/---
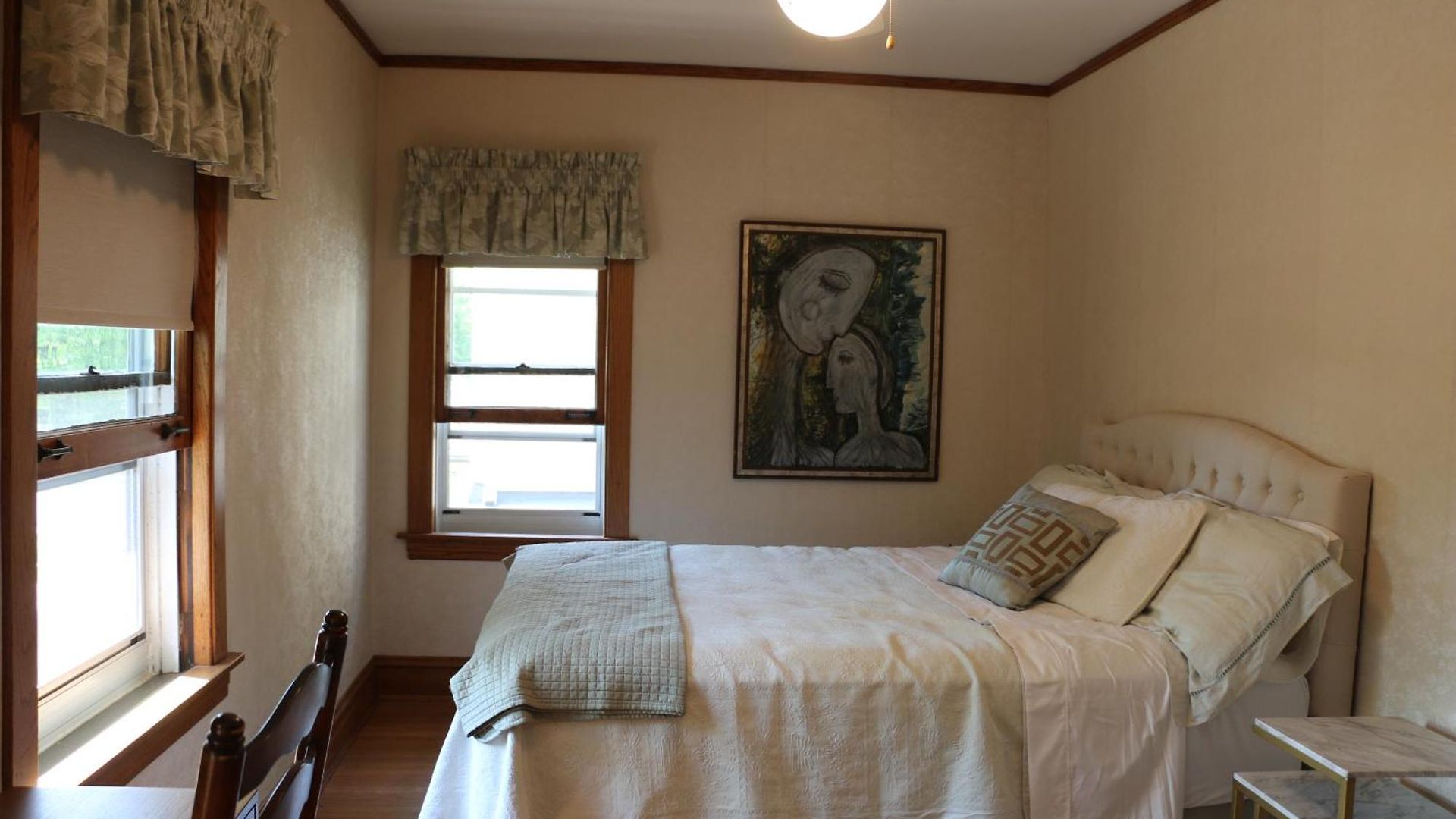 Holiday home Historic With Outdoor Hot Tub Near Downtown In Public Transportation Hub *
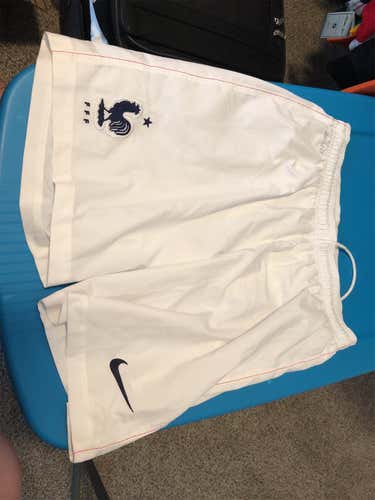 White Men's XL Nike Shorts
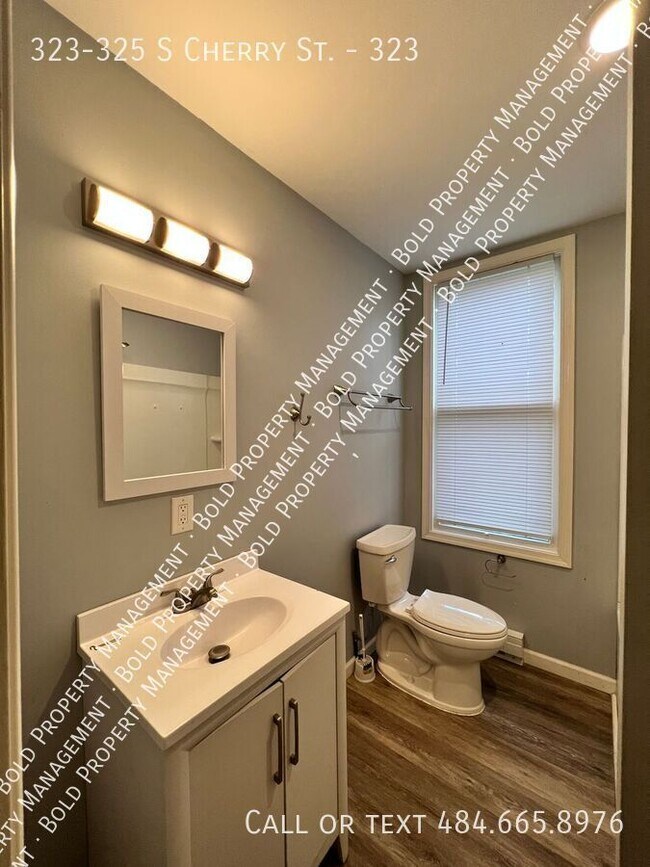 Building Photo - 323-325 S Cherry St.-323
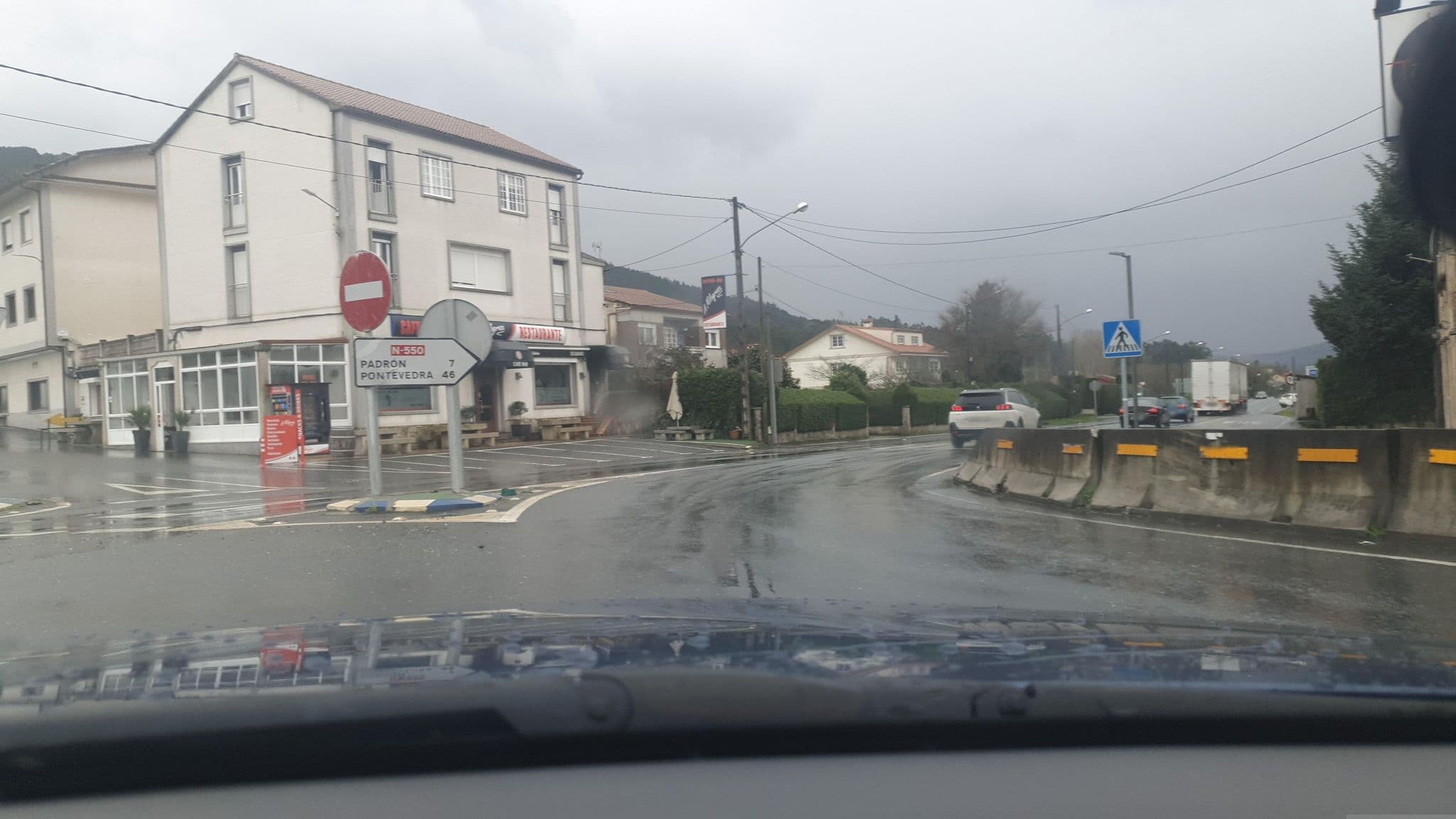 Street view near Pensión Residencia Pividal, Padrón — © pablolampon (CC BY-SA · Mapillary)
\---
**ASSIGNED TASK:** Extract the run of lines from the line holding "Building Photo - 323-325 S Cherry St.-323" through the final line of the material above, exactly and inclusively. Leave the pictures behind.

**EXERCISE SOLUTION:**
 Building Photo - 323-325 S Cherry St.-323
 Street view near Pensión Residencia Pividal, Padrón — © pablolampon (CC BY-SA · Mapillary)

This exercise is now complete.